環境に配慮したクルマとして国内で減税対象となっているのは、電気自動車(EV)、燃料電池車(FCV)、プラグインハイブリッド車(PHEV)、天然ガス車(NGV)、クリーンディーゼル車である。ただしそれぞれ環境性能は異なり、充電や燃料補給などの利便性の違いもあって、普及の様子が異なる。どの車種が将来的に普及するのかも見えにくいところがある。様々な周辺状況をまじえ答えを導いていく。

世界で広がる次世代車への取り組み
キーワードはSDGs

SDGs(エスディージーズ)の言葉を見かけるようになった。言葉の起こりは、2015年。国連総会で、この先15年の新たな行動計画として、持続可能な開発に関する項目が採択されたのだ。内訳は、17の目標、それらを達成するための169の基準、そして232の指標に細分化される。

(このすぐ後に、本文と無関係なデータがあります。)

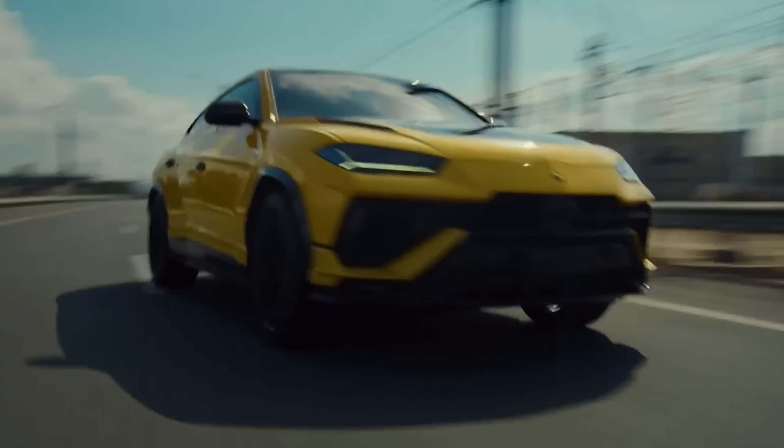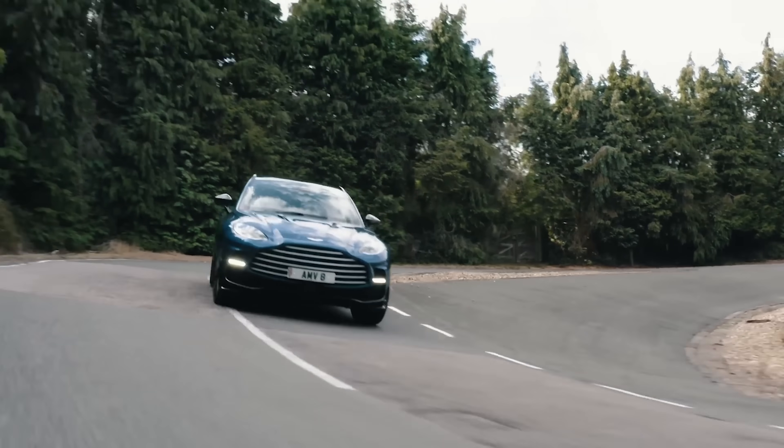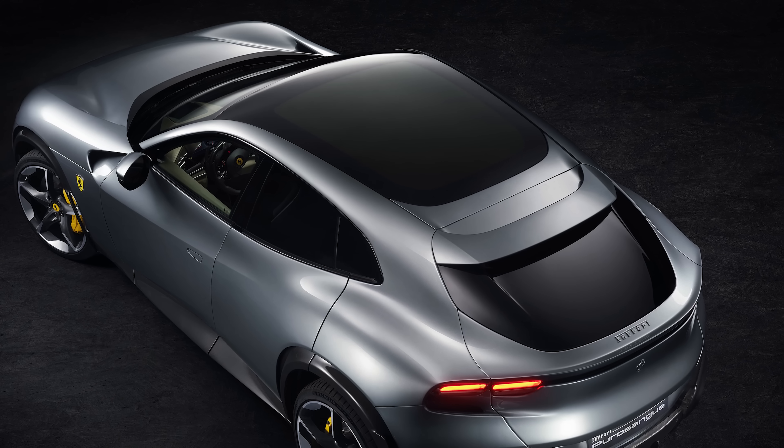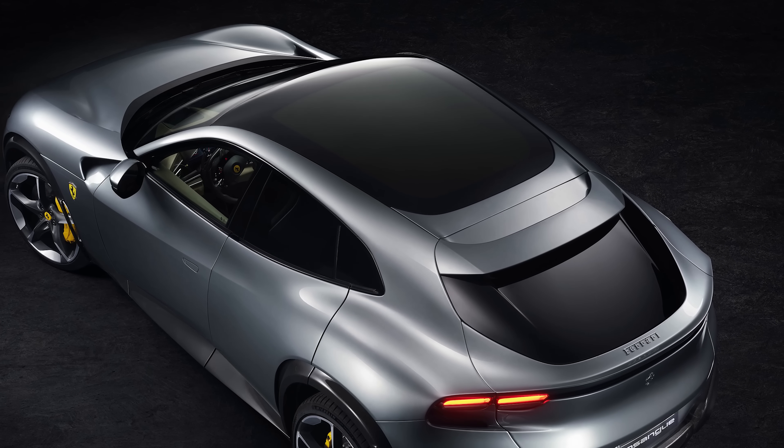It's probably in the same ballpark as a Lamborghini Urus Performante, an Aston Martin DBX 707, and a Porsche Cayenne Turbo GT — all those cars weigh around 2.2 tonnes. The Ferrari does come with a carbon fibre roof like the Porsche, which should help reduce the centre of gravity and improve the car's handling.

17の目標のなかで自動車産業に関わると思われるのは、手に入れやすくきれいなエネルギー(7)/労働の確保と経済成長(8)/つくる責任とつかう責任(12)/気候変動への具体的な対策(13)などであろう。エネルギーと環境の問題に対しては、1990年代から次世代車への取り組みが行われてきた。

まず90年に、米国カリフォルニア州のZEV(ゼロ・エミッション・ヴィークル=排出ガスゼロ車)法により、EVの強制導入がはじまろうとした。市場で販売される新車の何パーセントかをEVにする法律である。ただし当時のバッテリー技術ではすぐに実行できず、結果的に先延ばしされたうえで、現在施行されている。

EV普及の目的は、1970年に起きた大気汚染防止法にまで遡る。移動を自動車に依存するカリフォルニア州で大気汚染が深刻化し、健康被害が起きた。そこで大気を浄化させるため、排出ガスのないEVを普及させようとした。環境問題には、この大気汚染を抑制する地域環境問題と、気候変動を抑制する地球規模の環境問題の二通りある。EVは、両方の環境問題を一辺に解決する手段だ。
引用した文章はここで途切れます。